The Puente Project was co-founded in 1981 by Felix Galaviz, Counselor, and Patricia McGrath, English Professor, at Chabot College in Hayward. The co-founders were concerned about the high drop-out rate of Hispanic/Latino students on campus. They believed that the best hope of reversing this trend was to develop a system that would serve the needs of the whole student in a carefully monitored, highly accountable and culturally integrated way.
Puente's model was created on the assumption that any student, regardless of past performance, has the potential to succeed academically if provided with the right tools and learning environment. Therefore, Puente serves students from the full range of demonstrated ability levels. Puente’s model combines an academically challenging curriculum with a cross-functional support network of specially trained teachers and counselors, parents, families and members of the local community. Puente is co-sponsored by the University of California and the California Community Colleges, with additional funding provided by the college.
- Puente’s training and support services have been studied and replicated nationally and internationally.
- In 1998 the program was one of 10 selected from a pool of more than 1,400 organizations nationwide to receive the national Innovations in American Government Award, sponsored by the Ford Foundation, the Council for Excellence in Government and the John F. Kennedy School of Government at Harvard University.

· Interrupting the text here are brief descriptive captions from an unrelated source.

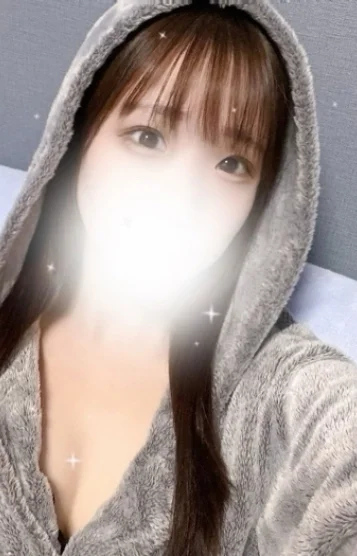 皐月 みおん(24)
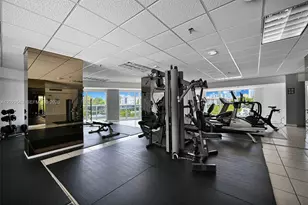 2401 Collins Ave, Miami Beach, FL 33140 - Photo 27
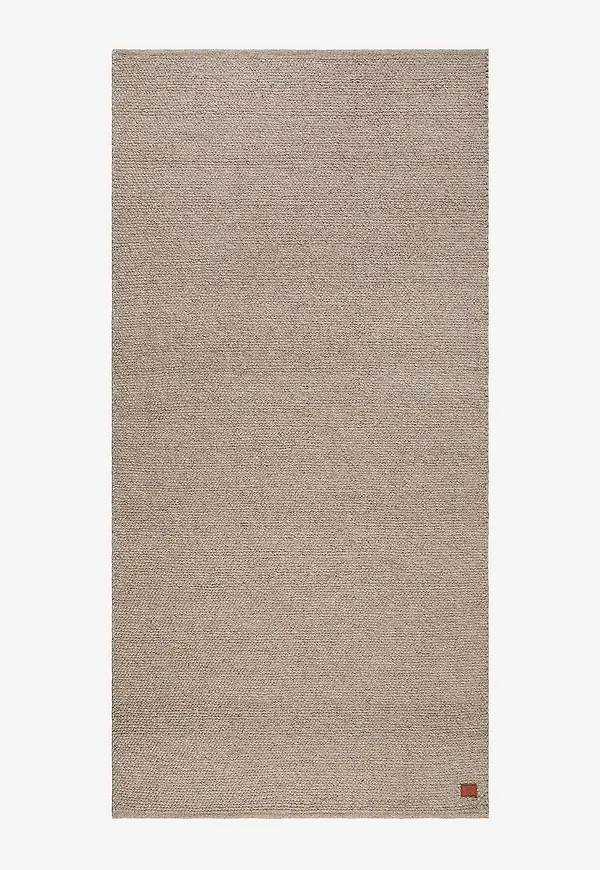 Modern ullmatta i brunt från KM Home.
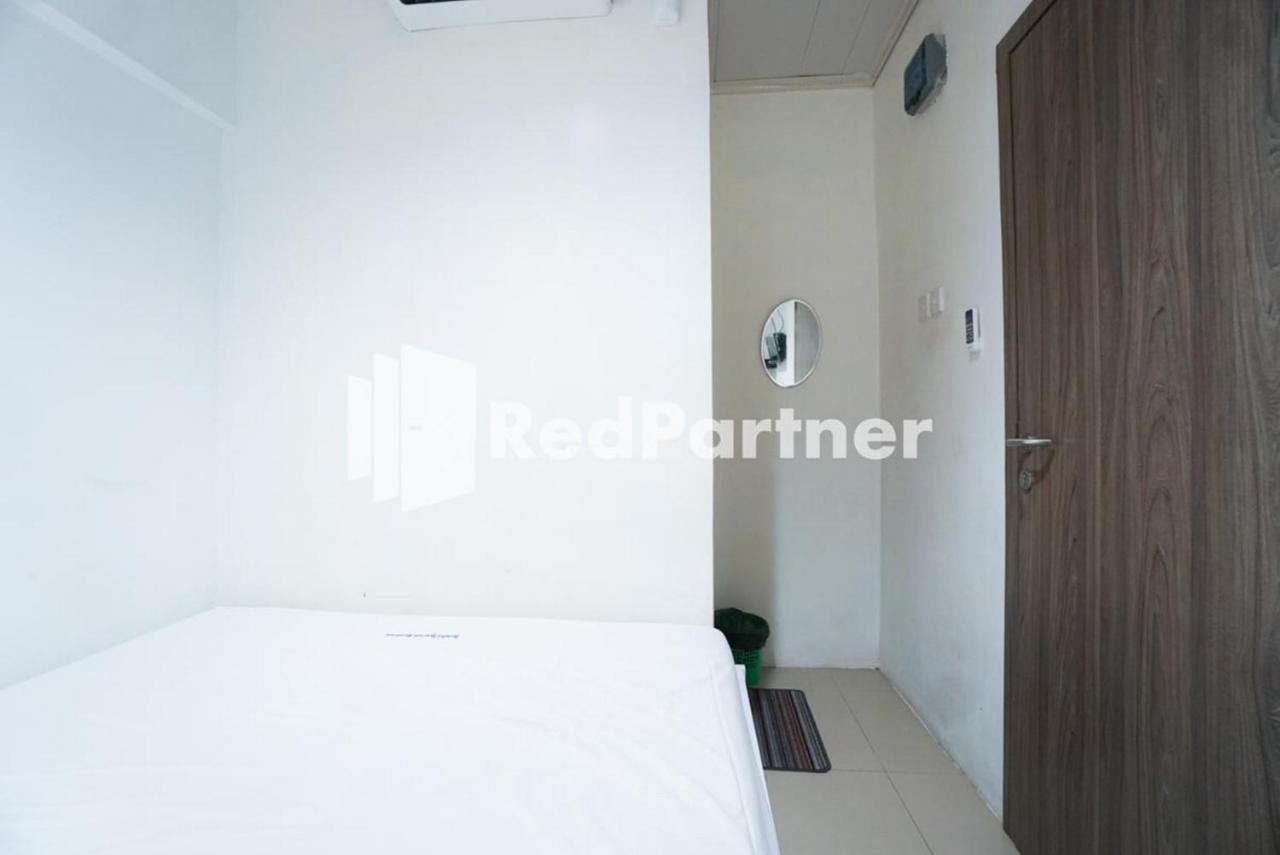 Eascot Hotel Mitra Reddoorz 자카르타 외부 사진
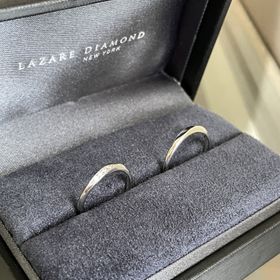 【ラザール ダイヤモンド(LAZARE DIAMOND)の口コミ】 夫がウェーブの方が指にはめやすいと言うので、ウェーブの中から選ぶこと…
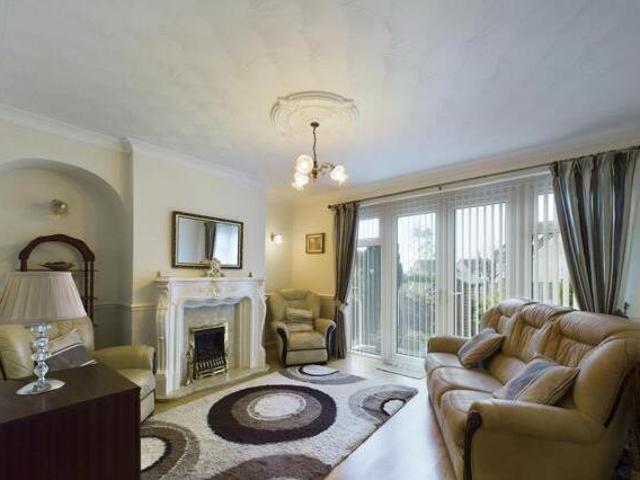 House for sale in Staincross, South Yorkshire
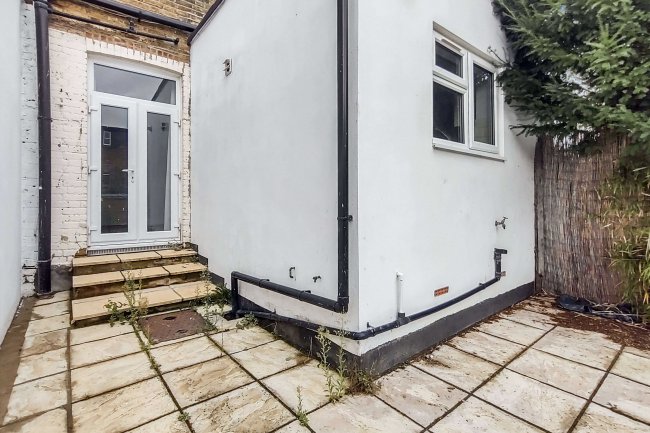 41 Convent Gardens, Ealing, W5 4UT 9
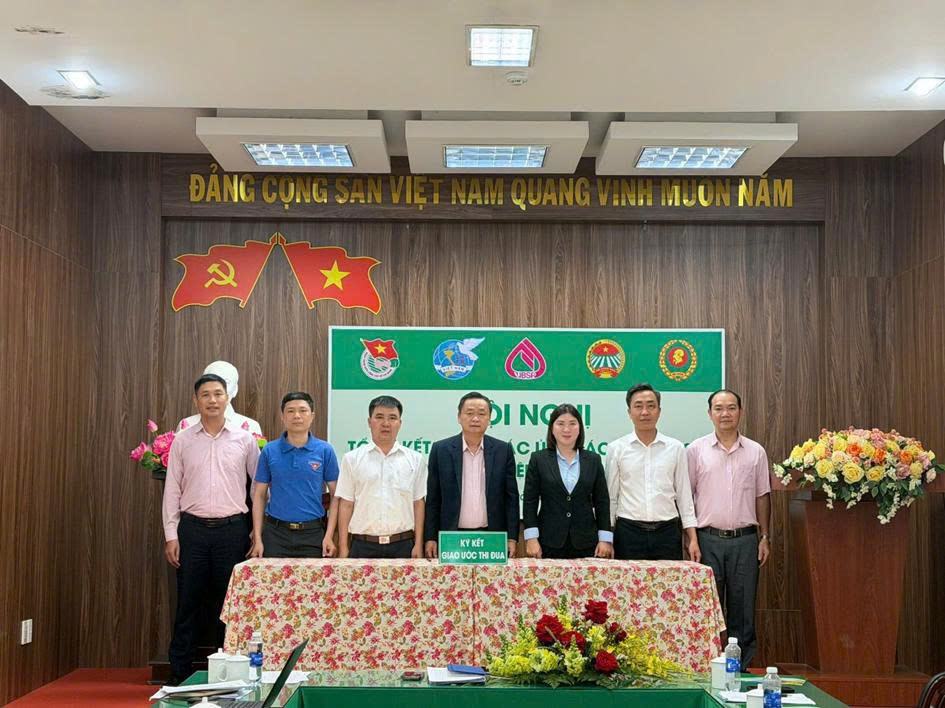 PHÒNG GIAO DỊCH NHCSXH BẢO LỘC TỔNG KẾT HOẠT ĐỘNG ỦY THÁC CHO VAY NĂM 2025 – PHÁT HUY HIỆU QUẢ TÍN DỤNG CHÍNH SÁCH SAU SẮP XẾP ĐƠN VỊ HÀNH CHÍNH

- Over 2,000 professionals donate more than 18,000 hours annually to Puente students.
- Community colleges with Puente programs transfer significantly more Latino students to the University of California than colleges without Puente.
- It is estimated that approximately 43,000 students have benefited directly from participating in the program.
Mt. San Jacinto College Puente History
The Puente Project was re-established at Mt. San Jacinto College in 2007 on the San Jacinto Campus by a collaborative team of highly dedicated faculty, mentors, and staff.